Belli ki Erdoğan’ın (HDP dışındaki) parti liderleriyle 25 Temmuz’da yaptığı görüşmede sadece Anayasa değişikliği üzerinde birlikte çalışma gereği konuşulmadı, Gülen de konuşuldu.
İşte Erdoğan’ın Rusya seyahati bu ortamda ilan edildi.
İsterseniz tesadüf sayarsınız. O zaman mesela Erdoğan Rusya’dan Gülen’in Türkiye’deki bağlantılarına dair elektronik istihbarat bulgularıyla dönerse, onu da tesadüf sayabilirsiniz. Geçenlerde ABD’deki Demokrat Parti başkanı Debbie Schultz’un, istifasına yol açan elektronik posta skandalından dolayı Rus istihbaratını suçlamasını hatırlatayım size. Yani epey karışık bir istihbarat alışverişi dönüyor etrafta.
Haydi, buna da bir örnek verip bağlayalım konuyu. Dışişleri Bakanı Çavuşoğlu, Gülen okulları aracılığıyla devlet kademelerine sızılmış birkaç ülkeye daha darbe uyarısı yaptıklarını açıkladı, sadece Kırgızistan’ın ismini verdi.

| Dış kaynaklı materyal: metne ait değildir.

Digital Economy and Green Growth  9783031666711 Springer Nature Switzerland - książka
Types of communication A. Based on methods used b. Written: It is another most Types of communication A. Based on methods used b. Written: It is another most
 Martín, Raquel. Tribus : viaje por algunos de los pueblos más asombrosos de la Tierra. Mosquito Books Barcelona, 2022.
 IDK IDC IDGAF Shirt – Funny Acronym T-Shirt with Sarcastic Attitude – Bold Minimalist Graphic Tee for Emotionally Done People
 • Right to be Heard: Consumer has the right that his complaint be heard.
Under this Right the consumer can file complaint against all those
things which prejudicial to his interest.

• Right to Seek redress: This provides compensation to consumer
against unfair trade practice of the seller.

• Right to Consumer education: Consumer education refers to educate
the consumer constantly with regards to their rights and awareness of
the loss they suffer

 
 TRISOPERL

Kırgızistan’ın Şangay Grubunun üyesi olduğunu, bu gelişmenin Rusya’yı ilgilendirdiğini hatırlatmaya gerek yok artık.
Rusya, malum, Gülen okullarının faaliyetini yıllar önce CIA ile işbirliği yaptığı suçlamasıyla kapatmıştı.
Artık bu kadarına da tesadüftür demezsiniz her halde.